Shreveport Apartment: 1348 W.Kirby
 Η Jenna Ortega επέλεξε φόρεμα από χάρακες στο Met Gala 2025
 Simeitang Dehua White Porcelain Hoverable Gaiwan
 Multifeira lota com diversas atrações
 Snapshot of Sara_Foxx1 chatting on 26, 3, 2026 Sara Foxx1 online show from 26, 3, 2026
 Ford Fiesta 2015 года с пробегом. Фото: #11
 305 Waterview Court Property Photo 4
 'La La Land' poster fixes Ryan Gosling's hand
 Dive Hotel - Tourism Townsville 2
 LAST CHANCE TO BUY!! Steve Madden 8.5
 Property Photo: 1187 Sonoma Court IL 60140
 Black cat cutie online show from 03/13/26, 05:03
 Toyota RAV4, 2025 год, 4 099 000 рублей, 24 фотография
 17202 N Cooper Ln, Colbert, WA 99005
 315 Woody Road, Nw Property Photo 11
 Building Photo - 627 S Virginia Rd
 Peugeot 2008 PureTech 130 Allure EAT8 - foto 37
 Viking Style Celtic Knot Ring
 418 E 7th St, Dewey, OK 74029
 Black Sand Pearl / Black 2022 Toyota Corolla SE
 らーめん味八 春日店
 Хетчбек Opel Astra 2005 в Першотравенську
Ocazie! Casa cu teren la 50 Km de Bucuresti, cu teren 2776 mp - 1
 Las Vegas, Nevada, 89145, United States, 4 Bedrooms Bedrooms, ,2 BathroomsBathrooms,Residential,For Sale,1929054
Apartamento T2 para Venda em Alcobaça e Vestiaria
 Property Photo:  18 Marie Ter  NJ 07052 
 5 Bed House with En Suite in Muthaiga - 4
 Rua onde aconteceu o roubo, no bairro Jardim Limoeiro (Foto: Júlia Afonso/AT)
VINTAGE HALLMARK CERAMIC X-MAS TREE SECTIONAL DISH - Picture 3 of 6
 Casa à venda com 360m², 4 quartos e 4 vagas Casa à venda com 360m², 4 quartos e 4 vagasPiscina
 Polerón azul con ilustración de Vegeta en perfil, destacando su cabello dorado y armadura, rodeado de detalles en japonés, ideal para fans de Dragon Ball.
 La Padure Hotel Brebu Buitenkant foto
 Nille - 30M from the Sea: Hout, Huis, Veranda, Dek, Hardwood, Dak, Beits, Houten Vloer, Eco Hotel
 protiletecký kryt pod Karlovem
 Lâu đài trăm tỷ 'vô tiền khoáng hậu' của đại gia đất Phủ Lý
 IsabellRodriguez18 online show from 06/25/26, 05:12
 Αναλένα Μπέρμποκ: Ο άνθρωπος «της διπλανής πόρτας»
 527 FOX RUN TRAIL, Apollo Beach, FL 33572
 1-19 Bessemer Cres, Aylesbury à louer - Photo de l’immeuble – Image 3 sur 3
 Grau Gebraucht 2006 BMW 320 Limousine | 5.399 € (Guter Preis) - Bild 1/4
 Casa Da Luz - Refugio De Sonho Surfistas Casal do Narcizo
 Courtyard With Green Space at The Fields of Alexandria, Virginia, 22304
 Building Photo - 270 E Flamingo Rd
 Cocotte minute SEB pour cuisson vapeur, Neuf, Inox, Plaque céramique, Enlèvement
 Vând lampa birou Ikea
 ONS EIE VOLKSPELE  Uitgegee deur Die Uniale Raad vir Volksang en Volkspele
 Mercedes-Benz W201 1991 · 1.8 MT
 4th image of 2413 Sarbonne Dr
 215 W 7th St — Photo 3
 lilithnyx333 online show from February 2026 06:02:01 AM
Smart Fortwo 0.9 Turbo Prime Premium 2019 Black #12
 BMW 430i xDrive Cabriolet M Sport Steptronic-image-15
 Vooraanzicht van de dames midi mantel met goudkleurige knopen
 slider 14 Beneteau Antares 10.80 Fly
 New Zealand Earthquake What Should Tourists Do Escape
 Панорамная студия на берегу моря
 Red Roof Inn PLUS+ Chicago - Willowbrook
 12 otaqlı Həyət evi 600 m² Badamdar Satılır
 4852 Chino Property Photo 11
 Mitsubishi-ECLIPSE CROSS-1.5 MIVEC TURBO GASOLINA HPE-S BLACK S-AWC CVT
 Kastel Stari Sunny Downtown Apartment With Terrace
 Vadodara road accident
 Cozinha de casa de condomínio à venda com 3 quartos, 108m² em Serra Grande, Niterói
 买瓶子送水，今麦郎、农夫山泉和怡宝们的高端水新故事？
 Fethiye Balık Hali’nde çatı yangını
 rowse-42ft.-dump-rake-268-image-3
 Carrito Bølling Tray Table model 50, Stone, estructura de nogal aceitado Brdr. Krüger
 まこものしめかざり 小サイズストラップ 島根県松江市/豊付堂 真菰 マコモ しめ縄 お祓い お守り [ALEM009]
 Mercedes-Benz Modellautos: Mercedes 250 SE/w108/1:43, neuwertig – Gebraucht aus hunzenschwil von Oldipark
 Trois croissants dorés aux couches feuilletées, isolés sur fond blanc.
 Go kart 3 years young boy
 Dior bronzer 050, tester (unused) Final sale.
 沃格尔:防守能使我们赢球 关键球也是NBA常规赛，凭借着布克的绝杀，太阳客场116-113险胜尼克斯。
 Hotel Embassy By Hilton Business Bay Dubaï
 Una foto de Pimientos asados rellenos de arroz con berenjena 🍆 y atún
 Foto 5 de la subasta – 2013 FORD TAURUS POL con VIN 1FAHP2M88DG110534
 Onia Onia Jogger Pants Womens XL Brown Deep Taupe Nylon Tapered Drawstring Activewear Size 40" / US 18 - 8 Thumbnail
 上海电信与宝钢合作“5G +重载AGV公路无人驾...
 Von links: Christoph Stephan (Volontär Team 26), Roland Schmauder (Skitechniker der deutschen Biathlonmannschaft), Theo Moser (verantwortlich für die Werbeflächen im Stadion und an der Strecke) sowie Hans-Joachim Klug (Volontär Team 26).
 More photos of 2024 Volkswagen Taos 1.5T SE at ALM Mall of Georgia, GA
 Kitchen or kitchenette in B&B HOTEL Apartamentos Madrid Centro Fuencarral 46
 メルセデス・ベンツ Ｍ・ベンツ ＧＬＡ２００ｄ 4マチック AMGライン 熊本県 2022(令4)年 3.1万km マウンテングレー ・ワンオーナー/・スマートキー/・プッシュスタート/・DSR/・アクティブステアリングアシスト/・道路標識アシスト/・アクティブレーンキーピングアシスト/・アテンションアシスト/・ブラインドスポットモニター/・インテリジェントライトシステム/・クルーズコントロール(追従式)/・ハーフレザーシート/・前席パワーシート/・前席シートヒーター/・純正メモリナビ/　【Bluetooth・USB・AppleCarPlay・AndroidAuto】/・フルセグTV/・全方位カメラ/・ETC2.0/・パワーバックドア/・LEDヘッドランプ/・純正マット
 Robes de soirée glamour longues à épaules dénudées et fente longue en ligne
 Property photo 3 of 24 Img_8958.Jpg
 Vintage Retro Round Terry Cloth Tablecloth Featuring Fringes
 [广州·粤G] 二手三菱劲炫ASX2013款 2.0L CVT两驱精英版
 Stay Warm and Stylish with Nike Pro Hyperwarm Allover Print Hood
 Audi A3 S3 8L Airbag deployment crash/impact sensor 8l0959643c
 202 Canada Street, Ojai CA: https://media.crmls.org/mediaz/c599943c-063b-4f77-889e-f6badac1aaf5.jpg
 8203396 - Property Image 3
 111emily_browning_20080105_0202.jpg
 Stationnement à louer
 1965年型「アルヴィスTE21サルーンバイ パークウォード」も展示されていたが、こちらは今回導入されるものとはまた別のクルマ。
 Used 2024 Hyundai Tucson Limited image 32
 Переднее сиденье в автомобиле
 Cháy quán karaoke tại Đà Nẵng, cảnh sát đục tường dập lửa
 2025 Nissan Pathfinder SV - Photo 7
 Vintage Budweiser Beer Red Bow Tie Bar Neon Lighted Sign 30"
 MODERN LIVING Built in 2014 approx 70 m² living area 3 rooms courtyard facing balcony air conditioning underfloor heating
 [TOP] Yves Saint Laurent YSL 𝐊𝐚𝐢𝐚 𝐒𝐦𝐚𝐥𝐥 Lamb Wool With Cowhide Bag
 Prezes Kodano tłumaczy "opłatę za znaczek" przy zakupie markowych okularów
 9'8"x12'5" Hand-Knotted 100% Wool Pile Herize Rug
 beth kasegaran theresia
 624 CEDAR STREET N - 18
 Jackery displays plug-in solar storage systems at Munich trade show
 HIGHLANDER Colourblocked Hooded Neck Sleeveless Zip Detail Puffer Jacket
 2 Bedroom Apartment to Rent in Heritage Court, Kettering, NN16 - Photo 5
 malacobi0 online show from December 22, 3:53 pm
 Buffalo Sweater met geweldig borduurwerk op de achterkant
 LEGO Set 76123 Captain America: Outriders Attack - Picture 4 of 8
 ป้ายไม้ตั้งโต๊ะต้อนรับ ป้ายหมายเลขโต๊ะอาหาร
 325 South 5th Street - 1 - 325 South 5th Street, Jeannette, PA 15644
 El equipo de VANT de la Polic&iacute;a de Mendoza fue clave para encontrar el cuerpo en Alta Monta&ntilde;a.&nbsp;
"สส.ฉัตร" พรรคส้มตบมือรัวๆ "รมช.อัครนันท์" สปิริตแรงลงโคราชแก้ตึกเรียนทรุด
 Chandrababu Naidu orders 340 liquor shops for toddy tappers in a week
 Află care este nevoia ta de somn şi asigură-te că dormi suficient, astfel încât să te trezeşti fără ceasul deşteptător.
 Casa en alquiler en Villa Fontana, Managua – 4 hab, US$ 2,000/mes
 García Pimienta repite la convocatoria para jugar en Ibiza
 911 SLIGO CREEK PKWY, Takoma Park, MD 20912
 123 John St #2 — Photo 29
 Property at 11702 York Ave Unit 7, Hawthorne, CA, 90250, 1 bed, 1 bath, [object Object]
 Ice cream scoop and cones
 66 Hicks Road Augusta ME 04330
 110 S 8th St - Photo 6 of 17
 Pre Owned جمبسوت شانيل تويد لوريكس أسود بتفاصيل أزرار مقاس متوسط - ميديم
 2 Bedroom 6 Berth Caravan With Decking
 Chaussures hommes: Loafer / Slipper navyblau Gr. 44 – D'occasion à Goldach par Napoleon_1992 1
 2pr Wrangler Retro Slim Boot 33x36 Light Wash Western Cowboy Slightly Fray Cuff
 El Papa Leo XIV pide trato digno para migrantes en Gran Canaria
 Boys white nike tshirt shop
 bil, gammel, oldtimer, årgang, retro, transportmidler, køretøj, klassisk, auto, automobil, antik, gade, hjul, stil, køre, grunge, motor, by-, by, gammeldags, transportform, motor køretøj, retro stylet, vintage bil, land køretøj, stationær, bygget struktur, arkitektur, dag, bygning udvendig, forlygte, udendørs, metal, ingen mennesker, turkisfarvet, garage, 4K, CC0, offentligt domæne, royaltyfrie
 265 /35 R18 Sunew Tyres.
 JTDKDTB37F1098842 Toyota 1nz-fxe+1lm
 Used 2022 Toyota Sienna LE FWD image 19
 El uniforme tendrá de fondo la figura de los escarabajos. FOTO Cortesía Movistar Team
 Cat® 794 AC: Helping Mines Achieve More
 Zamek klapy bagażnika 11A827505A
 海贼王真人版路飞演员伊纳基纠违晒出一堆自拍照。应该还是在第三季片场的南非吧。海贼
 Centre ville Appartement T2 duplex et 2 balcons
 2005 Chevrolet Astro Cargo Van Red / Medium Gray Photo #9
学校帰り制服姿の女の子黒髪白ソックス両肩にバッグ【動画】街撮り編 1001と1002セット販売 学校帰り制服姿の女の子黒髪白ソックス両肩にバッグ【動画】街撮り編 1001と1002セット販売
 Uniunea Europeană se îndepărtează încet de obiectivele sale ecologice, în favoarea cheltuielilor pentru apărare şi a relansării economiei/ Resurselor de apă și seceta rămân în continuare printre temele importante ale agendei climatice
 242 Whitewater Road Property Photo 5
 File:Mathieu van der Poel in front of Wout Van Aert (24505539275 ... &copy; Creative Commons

= WHAT THE TASK ASKS =
Reproduce the entries above exactly, but only the lines between the line holding "JTDKDTB37F1098842 Toyota 1nz-fxe+1lm" and the line holding "1001と1002セット販売 学校帰り制服姿の女の子黒髪白ソックス両肩にバッグ【動画】街撮り編 1001と1002セット販売", inclusive.

= THE ANSWER =
 JTDKDTB37F1098842 Toyota 1nz-fxe+1lm
 Used 2022 Toyota Sienna LE FWD image 19
 El uniforme tendrá de fondo la figura de los escarabajos. FOTO Cortesía Movistar Team
 Cat® 794 AC: Helping Mines Achieve More
 Zamek klapy bagażnika 11A827505A
 海贼王真人版路飞演员伊纳基纠违晒出一堆自拍照。应该还是在第三季片场的南非吧。海贼
 Centre ville Appartement T2 duplex et 2 balcons
 2005 Chevrolet Astro Cargo Van Red / Medium Gray Photo #9
学校帰り制服姿の女の子黒髪白ソックス両肩にバッグ【動画】街撮り編 1001と1002セット販売 学校帰り制服姿の女の子黒髪白ソックス両肩にバッグ【動画】街撮り編 1001と1002セット販売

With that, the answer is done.